25th President of the Norwegian Association for Women's Rights
- In office 1992–1994
- Preceded by: Siri Hangeland
- Succeeded by: Kjellaug Pettersen

Personal details
- Born: 1948 (age 77–78)

= Bjørg Krane Bostad =

Feminist, civic leader, civil servant, businesswoman and humanitarian

Bjørg Krane Bostad (born 1948) is a Norwegian feminist, civic leader, civil servant, businesswoman and humanitarian.

She served as president of the Norwegian Association for Women's Rights from 1992 to 1994. From 1990 to 1995 she served as a member of the Committee for Human Rights, a governmental committee appointed by the Ministry of Foreign Affairs.

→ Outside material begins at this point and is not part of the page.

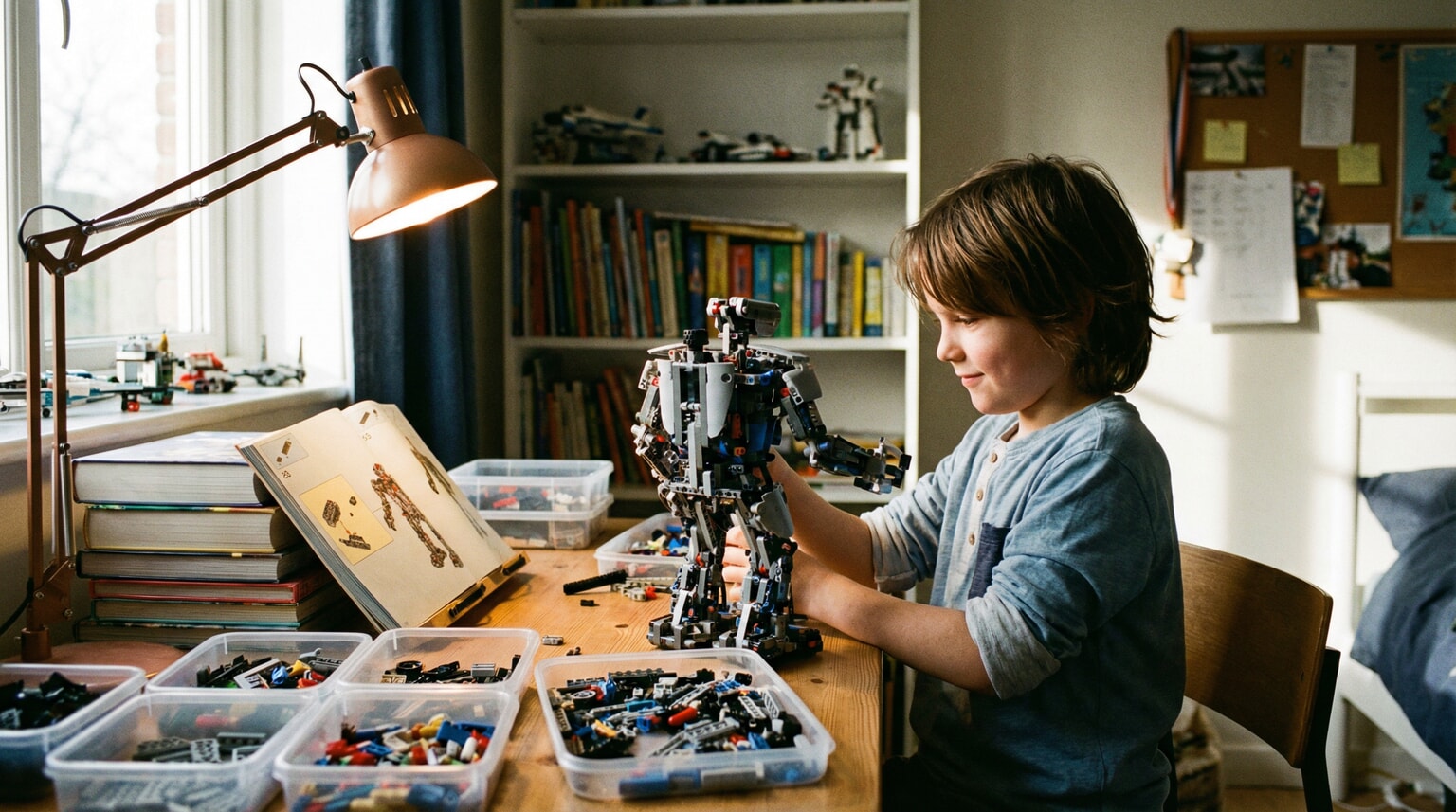 Ten year old working on complex LEGO building project at desk with instruction manual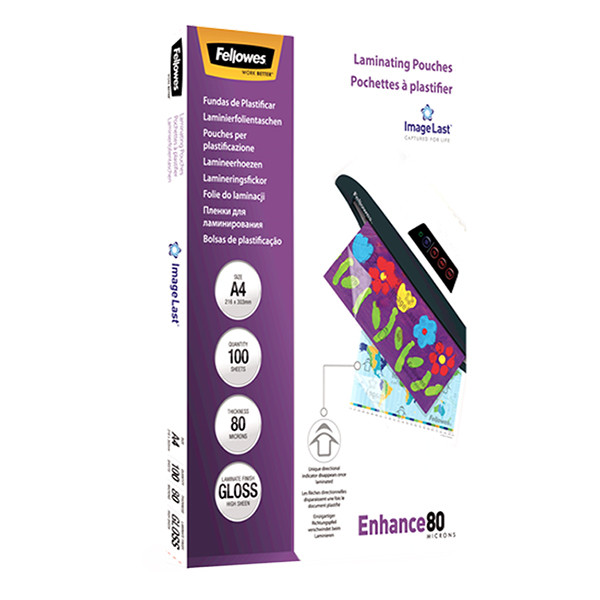 A4 laminating pouch 80 micron | glossy | Fellowes ImageLast | 100-pack 213381 - 3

She was also a board member of Amnesty International in Norway from 1986 to 1990. From 1980 she worked as a civil servant at the Norwegian Consumer Ombudsman where she was responsible for discriminatory advertisement. She later became the parliamentary secretary of the Standing Committee on Family and Cultural Affairs in the Parliament of Norway. Bostad moved to South Africa in 2000, where she owns a company specializing in safari tours in Namibia, Botswana, Zambia, Zimbabwe, Mozambique, Tanzania, Kenya and South Africa. She is also involved in humanitarian work in Africa, and serves as a director of the Qokiso Orphans Project.

Bostad studied political science at the University of Oslo, and graduated with a cand.mag. degree.